- Binance.US has asked a judge not to warrant an asset freeze demanded by the SEC
- The exchange warned that the impact of such a move would effectively kill its business before it had a chance to defend itself
- A judge is set to rule on the motion today
Binance.US has hit back at the charges brought against it by the Securities and Exchange Commission (SEC) and has pleaded with the court not to freeze its assets. The SEC last week demanded that Binance.US’s assets be frozen due to perceived irregularities over the sale of securities and violation of AML/KYC regulations, with a decision due on the matter today. Binance.US argued that the temporary restraining order sought by the SEC would be “draconian and unduly burdensome” and its operations would “effectively end” its business.
Asset Freeze Would Kill Binance.US
The SEC hit Binance, Binance.US, and its CEO Changpeng Zhao with multiple charges last week relating to the way it operated its service in the US, accusing it of actively flouting KYC/AML rules and knowingly selling unlicensed securities. It advocated for a ban and financial penalty for both Binance.US and Zhao, adding to issues the exchange is already facing with a CFTC lawsuit.
Binance.US warned that in allowing the restraining order the court would be effectively killing its business before it has had a chance to defend itself:
The requested relief would primarily harm BAM’s customers, effectively put BAM out of business, and prevent BAM from defending itself in this litigation.
The exchange also argued it would no longer be able to pay its employees, vendors or other parties, or even maintain its technology were the freeze granted. A judge will make a decision today in what will turn out to be a pivotal first battle between the exchange and the regulator.

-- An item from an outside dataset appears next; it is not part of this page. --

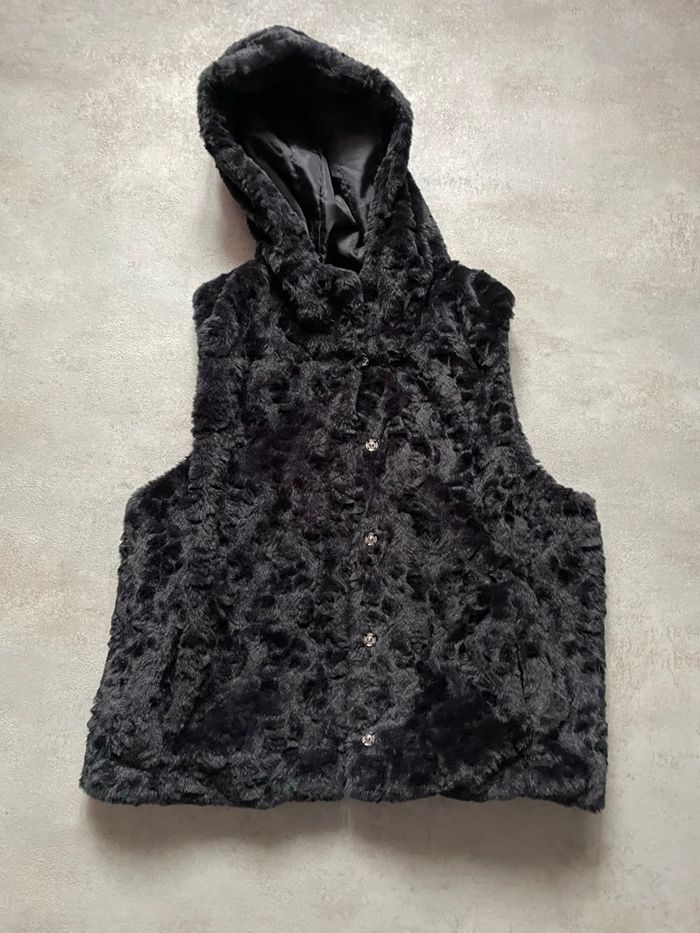 Veste sans manche cache cache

Binance Wheels Out Big Guns
To aid its cause, Binance has pulled in a huge gun to help fight its corner. George Canellos, a partner at Milbank’s New York office, yesterday announced his role as counsel alongside three others, having previously served as a co-director of the SEC’s enforcement division from 2009 to 2014. During his tenure, he played a significant role in investigations that resulted in $570 million in penalties against JPMorgan Securities, Credit Suisse Securities, RBS Securities, and Bank of America.
With a track record of representing numerous executives and companies in SEC cases, Canellos has established himself as a reputable figure in this realm. Indeed, former Commodity Futures Trading Commission Chief David Meister praised Canellos in a 2014 New York Times article, describing him as “extremely well thought of” within the regulatory community.
Binance clearly hopes the use of a team so experienced in the ways of the SEC will help its case, with possible fraud charges on the line for Binance.US and Zhao.